Es cierto que existen asuntos prácticamente inatacables, y que una polémica sobre ellos puede provocarla tan sólo la ignorancia. En estos casos poco frecuentes resultan fijadas y explicadas nociones fundamentales, de adquisición provechosa para el vulgo. Al capítulo de las excepciones deben ir también las polémicas matemáticas. Quizá el hábito de definir con precisión las palabras, así como el uso uniforme del análisis, influyan en que tales contiendas sean fecundas. Poisson derrotó al partido de Lagrange; las opiniones de Abel triunfaron sobre las de Wronski, y de una reciente y ruidosa polémica surgió consagrado el nuevo concepto del transfinito. Los matemáticos, por otra parte, parecen gente apacible y sensata; algunos llevaron su plácida distracción hasta el extremo de asombrar a sus compañeros mismos. El bueno de Ampère tomaba las traseras de los coches de punto por sendos pizarrones. Sacaba la tiza del bolsillo y las cubría de cálculos indescifrables. Si el vehículo se ponía en movimiento, Ampère echaba a correr detrás de sus fórmulas ante el público estupefacto. Ampère no era polemista temible. Las rivalidades más rabiosas, según observa justamente Bourget, son -¿quién lo diría?- las rivalidades entre músicos.

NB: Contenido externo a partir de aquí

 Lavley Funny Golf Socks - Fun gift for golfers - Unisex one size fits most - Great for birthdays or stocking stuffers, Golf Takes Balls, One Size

Siempre que se trate de cuestiones directa o indirectamente sociales, sobre todo cuestiones de historia, de religión, de política, las polémicas no prueban nada sino el odio de los polemistas. Cada cual ve a su modo y habla a su manera. Hay para cada hombre un punto de vista y un lenguaje. Este lenguaje y este punto de vista, deformables continuamente, se falsean y desfiguran por la pasión. Lo que se evita a toda costa es un acuerdo. Se aborrece y se teme la verdad, que al establecer el hecho suprime a las personas. El ruido de las disputas no sube a las regiones de la ciencia y del arte verdaderos.

En cambio, las polémicas nos descubren el corazón y los nervios de un individuo, de una ciudad, de una nación entera. Lo discutido queda en la sombra. Los intereses de los discutidores salen a la luz del día. La polémica es siempre un precioso documento histórico.

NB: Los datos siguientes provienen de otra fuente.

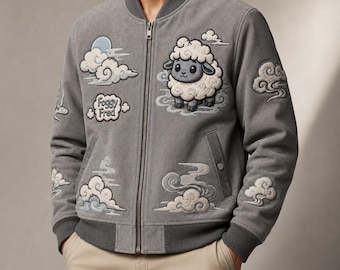 Foggy Fred Gray Suede Leather Bomber Jacket, Embroidered Fog Sheep Coat, Weather Weirdos Cream Pale Blue Charcoal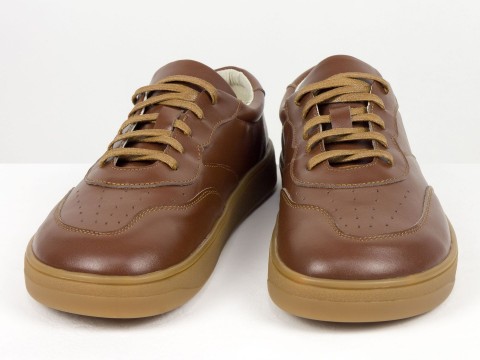 Жіночі анатомічні  кеди з натуральної шкіри  коричнево-рудого кольору з перфорацією Gino Figini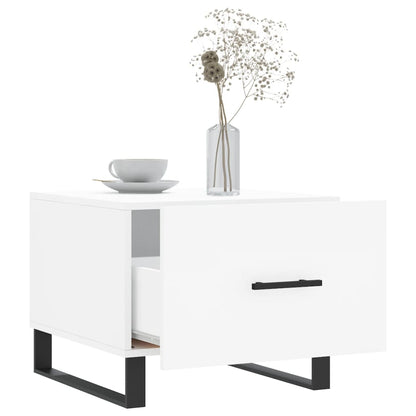 Salontafel 50X50X40 Cm Bewerkt Hout 1 Wit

He aquí por qué estudiamos hoy las herejías de los primeros siglos cristianos, aunque no nos quite el sueño la sustanciación del Verbo; he aquí por qué leemos apasionadamente las Provinciales, aunque nos hagan sonreír las teorías jansenistas; he aquí por qué se manoseará durante largo tiempo el asunto Dreyfus, aunque la inocencia real del judío no interese más que a las niñas románticas.

Es comprensible el ardor con que se declara la guerra a los grandes hombres, apenas asoman a lo lejos. El instinto social no se engaña. Traen con ellos lo desconocido, la fuerza incalculable que volcará los ídolos y arrancará las columnas. Los intereses amenazados se coligan, y rodean al coloso. Es pedante, es oscuro, es decadente. Se le sitia por hambre. El genio calla y produce. Siente que toda esa furia desencadenada es el eco de su energía interior. Se acostumbraba a los ataques como después se acostumbrará a la adulación, y los echa de menos cuando el odio y la envidia comienzan a ceder. Berlioz, al ser aplaudido por fin, duda amargamente de su talento; también exclamaba el orador pagano, al estallido de la ovación: «... ¿qué? ¿Has dejado escapar alguna necedad?».



Publicado en "El Diario", Asunción, 9 de junio de 1910.